27 Novembre 2020 - 3617 vue(s)
La grogne monte chez les restaurateurs touchés par les annonces gouvernementales n’envisageant qu’une possible réouverture de leurs établissements au 20 janvier prochain au plus tôt. Après un premier appel lancé fin octobre, une quinzaine de grands noms de la cuisine française, associés à des centaines de restaurateurs regroupés au sein de plusieurs collectifs et groupements professionnels, ont ainsi signé une tribune « désespérée » publiée par Le Figaro et adressée à Emmanuel Macron. « Ne sous-estimez pas la colère qui monte et que nous ne pourrons plus longtemps contenir », lancent-ils face au silence de l’Elysée, bien déterminés à être reçus par le Président de la République.

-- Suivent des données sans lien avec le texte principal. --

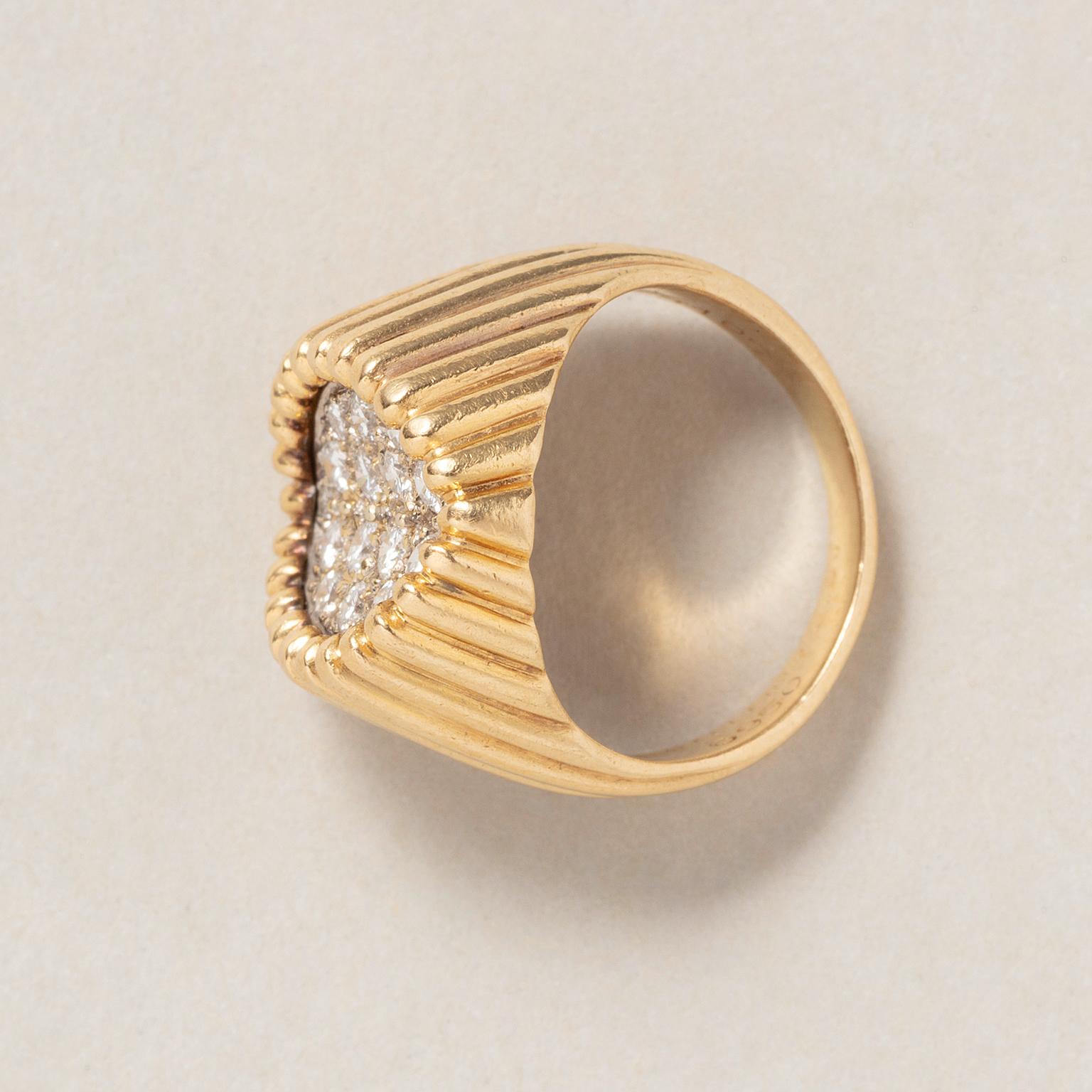 An 18k Gold and Diamond Mellerio Tartelette Ring For Sale 1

"Monsieur le Président de la République,

Nous représentons des milliers de restaurants, d'hôtels, de traiteurs. Nous travaillons chaque jour avec plus de vingt corps de métier. Nous salarions directement plus d'un million de personnes. Nous sommes le sixième employeur privé de France – le premier si nous prenons en compte également les emplois indirects. Rares sont les Français qui, dans leur famille, n'ont pas un des leurs qui vit directement ou indirectement de l'activité économique que nous générons. Nous produisons, à nous seuls, 10 % du PIB de notre pays.

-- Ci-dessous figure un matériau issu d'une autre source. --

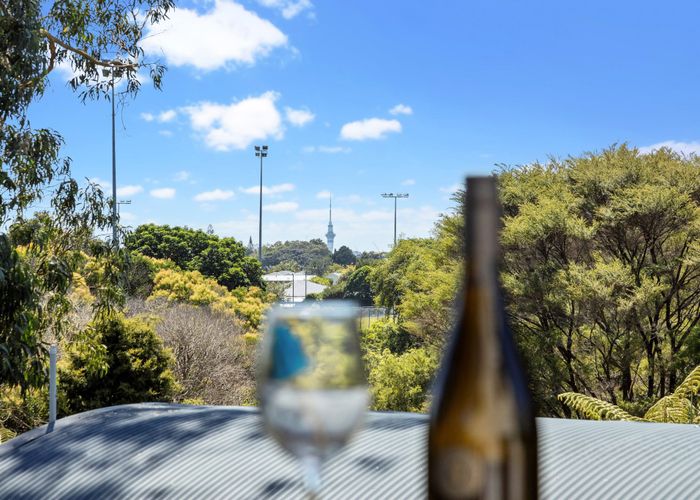  at 2/0 Blockhouse Bay Road, Avondale, Auckland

Nous tous, pour la première fois aussi unis, vous avons interpellé le 20 octobre dernier pour lancer un cri d'alarme. Depuis près de neuf mois, conscients de l'ampleur de la crise sanitaire, solidaires des professionnels de la santé et de tous ceux qui furent en première ligne pour faire face, nous avons accepté les fermetures, les adaptations, les normes nouvelles qui se sont succédé sans que toujours la rationalité nous en apparaisse clairement.

Nous avons investi pour inventer de nouvelles manières d'accueillir le public, nous avons emprunté, nous avons maintenu les emplois de nos salariés, nous avons continué à ouvrir pour les Français à un moment où les touristes se sont faits rares. Nous avons répondu présents à tous les appels que vous avez lancés. Pour contribuer à l'effort de la nation tout en essayant de maintenir la tête hors de l'eau. L'annonce du couvre-feu à 21 heures puis du second confinement nous a, depuis, frappés d'un nouveau coup qui a déjà été fatal à nombre d'entre nous.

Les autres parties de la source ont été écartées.